• **TASK REQUIREMENTS**
Leave out the pictures and retype exactly the lines from the one with "When to start Retirement Optimisation?" through the end of the records.

• **EXTRACTED INFORMATION**
○ ○ ○ ○ ○ ○ ○

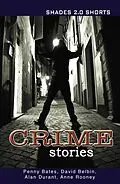 E-Book (pdf) Crime Stories Shade Shorts 2.0 von Penny Bates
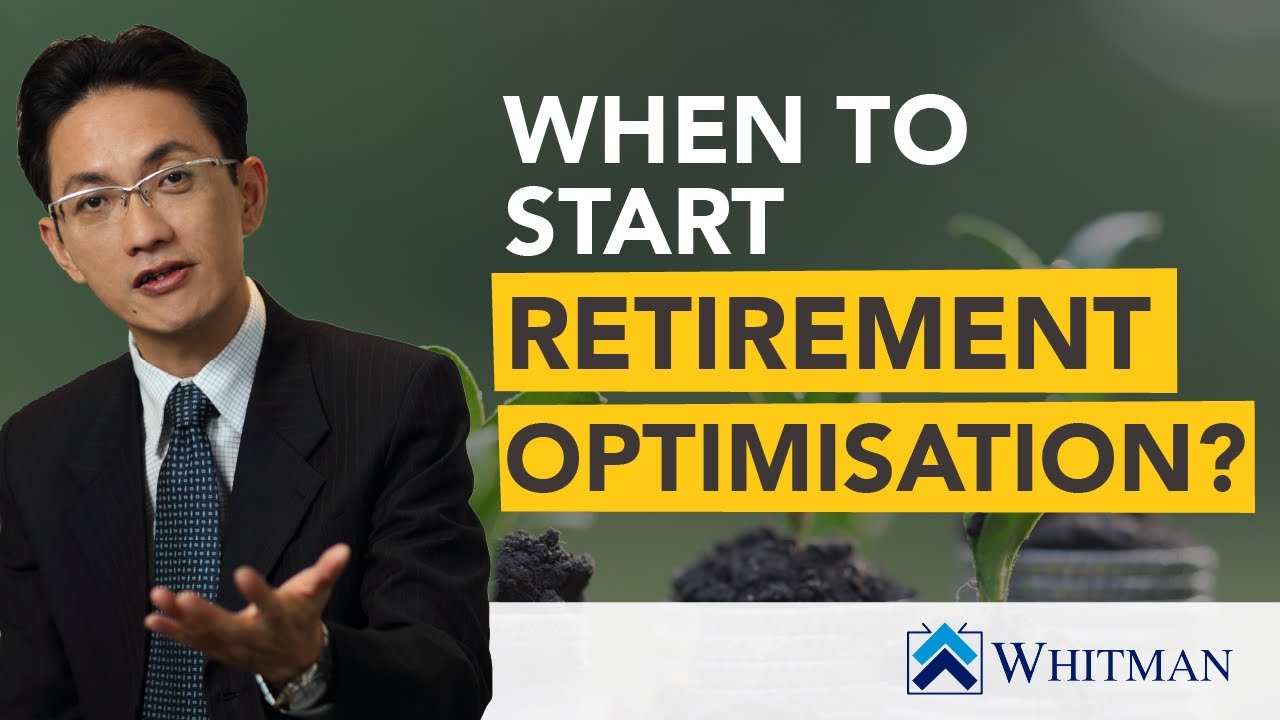 When to start Retirement Optimisation?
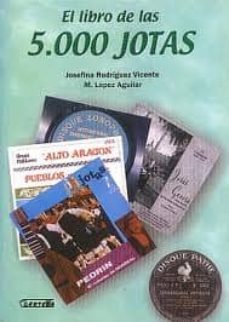 el libro de las 5000 jotas-josefina rodriguez vicente-m. lopez aguilar-9788488269843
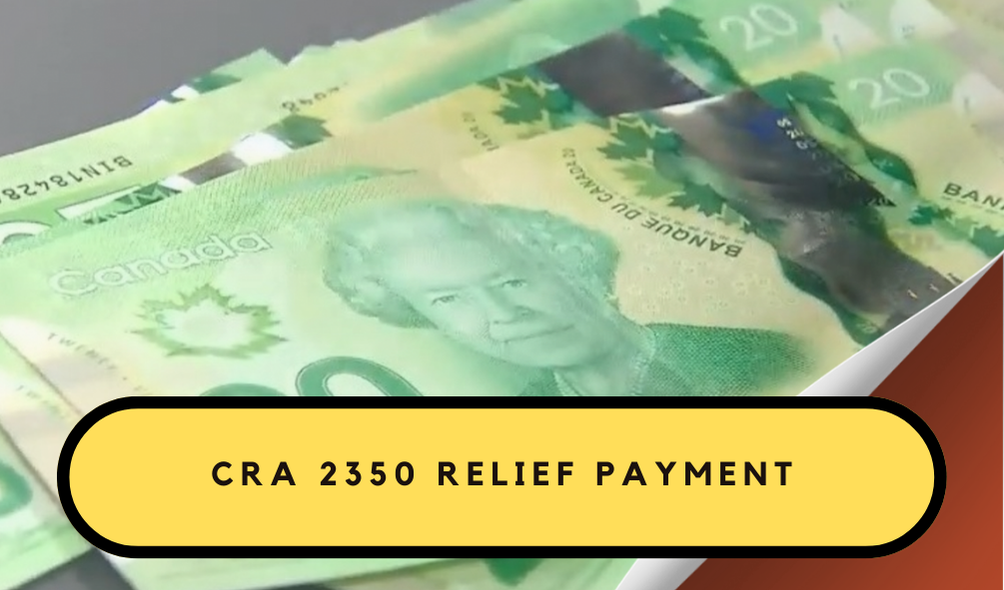 Canada’s $2,350 Relief Payment for Seniors in 2024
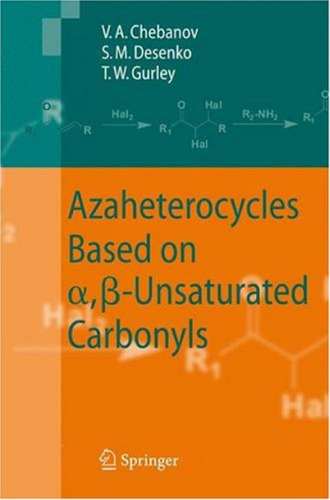 Azaheterocycles Based on a,ß-Unsaturated Carbonyls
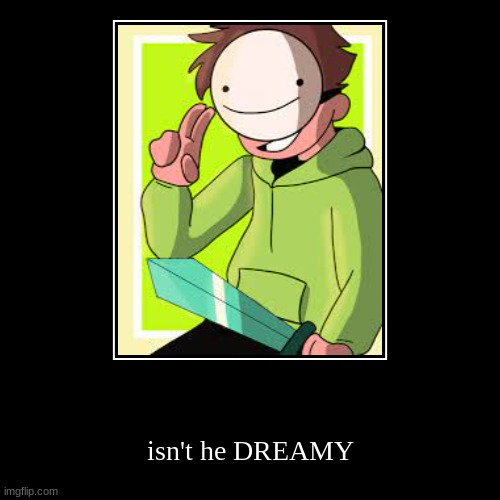 dreamy | image tagged in funny,demotivationals | made w/ Imgflip demotivational maker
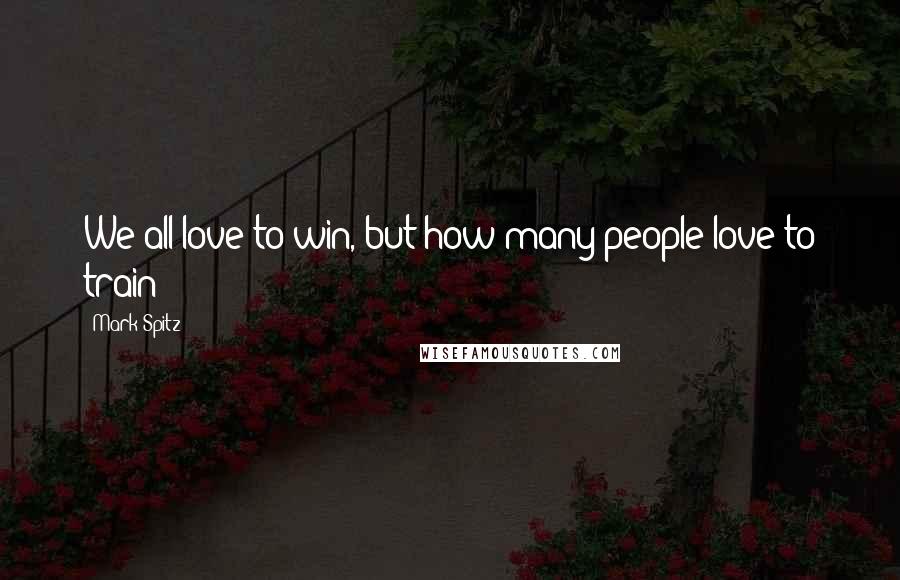 Mark Spitz Quotes: We all love to win, but how many people love to train?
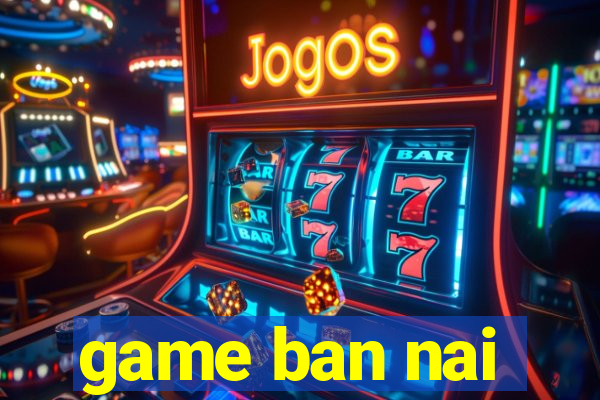 game ban nai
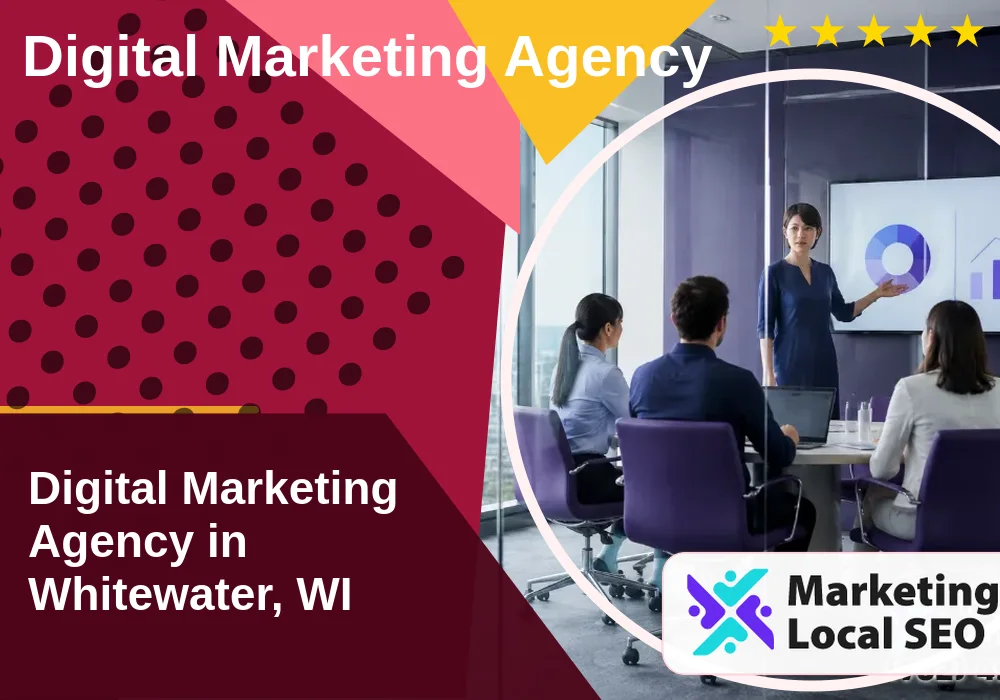 Digital Marketing Agency in Whitewater, WI
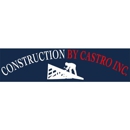 Construction By Castro Inc. - General Contractors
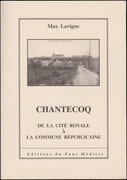 Chantecoq, de la Cité royale à la Commune républicaine . par LAVIGNE (Max).
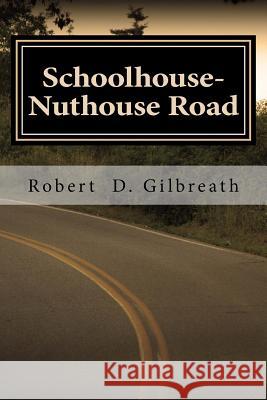 Schoolhouse-Nuthouse Road: A Journey into Wisdom Gilbreath, Robert D. 9781490900759 Createspace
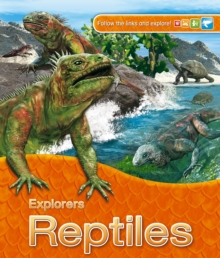 Explorers: Reptiles, Paperback Book Explorers: Reptiles, Paperback Book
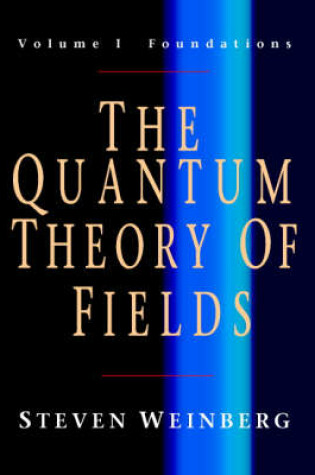 Cover of The Quantum Theory of Fields 3 Volume Paperback Set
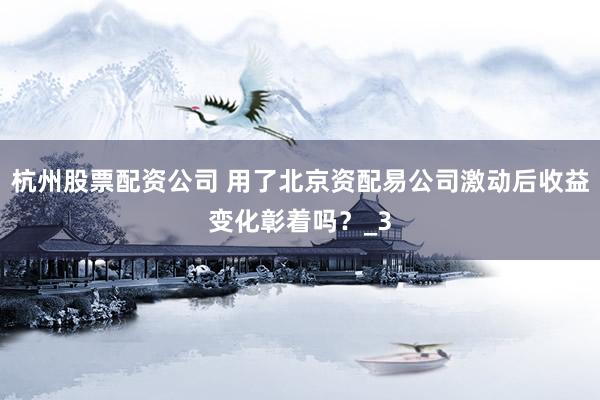 杭州股票配资公司 用了北京资配易公司激动后收益变化彰着吗？_3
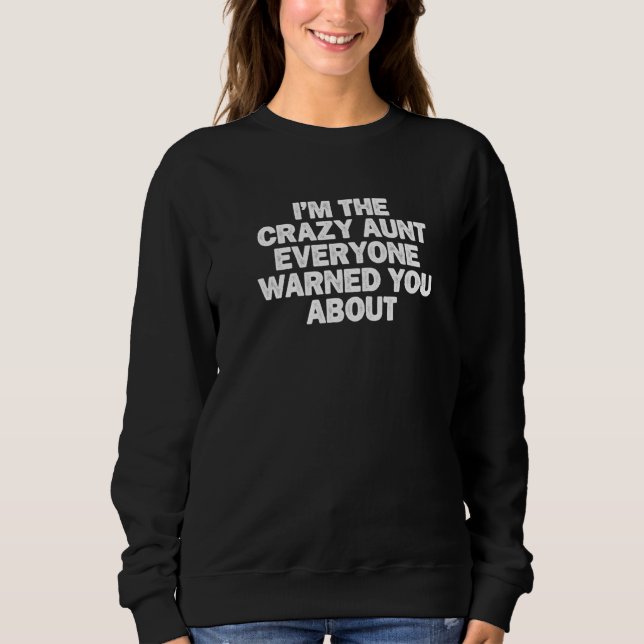Cool Minimal Funny I M The Crazy Aunt Everyone War Sweatshirt (Front)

○ ○ ○ ○ ○ ○ ○

• **SOLUTION FOR THIS EXERCISE**
 When to start Retirement Optimisation?
 el libro de las 5000 jotas-josefina rodriguez vicente-m. lopez aguilar-9788488269843
 Canada’s $2,350 Relief Payment for Seniors in 2024
 Azaheterocycles Based on a,ß-Unsaturated Carbonyls
 dreamy | image tagged in funny,demotivationals | made w/ Imgflip demotivational maker
 Mark Spitz Quotes: We all love to win, but how many people love to train?
 game ban nai
 Digital Marketing Agency in Whitewater, WI
 Construction By Castro Inc. - General Contractors
 Chantecoq, de la Cité royale à la Commune républicaine . par LAVIGNE (Max).
 Schoolhouse-Nuthouse Road: A Journey into Wisdom Gilbreath, Robert D. 9781490900759 Createspace
 Explorers: Reptiles, Paperback Book Explorers: Reptiles, Paperback Book
 Cover of The Quantum Theory of Fields 3 Volume Paperback Set
 杭州股票配资公司 用了北京资配易公司激动后收益变化彰着吗？_3
Cool Minimal Funny I M The Crazy Aunt Everyone War Sweatshirt (Front)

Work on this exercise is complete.